In how many lines of the data does the word "LGBT" appear? Give the number by itself.

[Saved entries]
★ ★ ★

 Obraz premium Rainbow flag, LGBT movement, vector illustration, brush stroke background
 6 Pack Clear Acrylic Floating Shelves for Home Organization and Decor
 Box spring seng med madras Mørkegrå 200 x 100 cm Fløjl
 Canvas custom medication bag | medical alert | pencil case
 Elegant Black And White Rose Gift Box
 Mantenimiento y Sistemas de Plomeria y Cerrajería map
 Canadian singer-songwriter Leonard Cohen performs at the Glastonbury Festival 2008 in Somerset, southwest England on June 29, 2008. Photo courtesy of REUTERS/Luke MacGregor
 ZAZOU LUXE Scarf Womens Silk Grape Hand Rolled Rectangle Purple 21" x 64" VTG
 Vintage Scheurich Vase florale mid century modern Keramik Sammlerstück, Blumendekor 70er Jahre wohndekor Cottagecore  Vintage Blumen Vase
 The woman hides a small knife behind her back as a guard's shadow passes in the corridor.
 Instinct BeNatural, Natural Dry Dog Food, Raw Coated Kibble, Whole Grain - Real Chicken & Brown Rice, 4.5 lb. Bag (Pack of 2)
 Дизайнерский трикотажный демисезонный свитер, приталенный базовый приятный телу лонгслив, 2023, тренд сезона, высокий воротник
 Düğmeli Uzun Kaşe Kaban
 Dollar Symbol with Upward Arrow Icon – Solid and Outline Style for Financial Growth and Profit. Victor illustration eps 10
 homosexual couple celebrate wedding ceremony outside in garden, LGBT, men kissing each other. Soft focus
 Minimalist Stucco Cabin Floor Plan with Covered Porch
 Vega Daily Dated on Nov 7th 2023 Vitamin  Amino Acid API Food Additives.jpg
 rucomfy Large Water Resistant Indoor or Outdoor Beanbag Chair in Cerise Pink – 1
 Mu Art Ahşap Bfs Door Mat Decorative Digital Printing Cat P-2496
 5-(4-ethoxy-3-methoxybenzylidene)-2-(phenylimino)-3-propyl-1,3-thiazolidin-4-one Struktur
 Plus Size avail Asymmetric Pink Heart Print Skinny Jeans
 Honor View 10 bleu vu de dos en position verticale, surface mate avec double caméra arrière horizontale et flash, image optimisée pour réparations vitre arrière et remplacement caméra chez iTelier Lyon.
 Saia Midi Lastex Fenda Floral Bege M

★ ★ ★

(Answer space)
2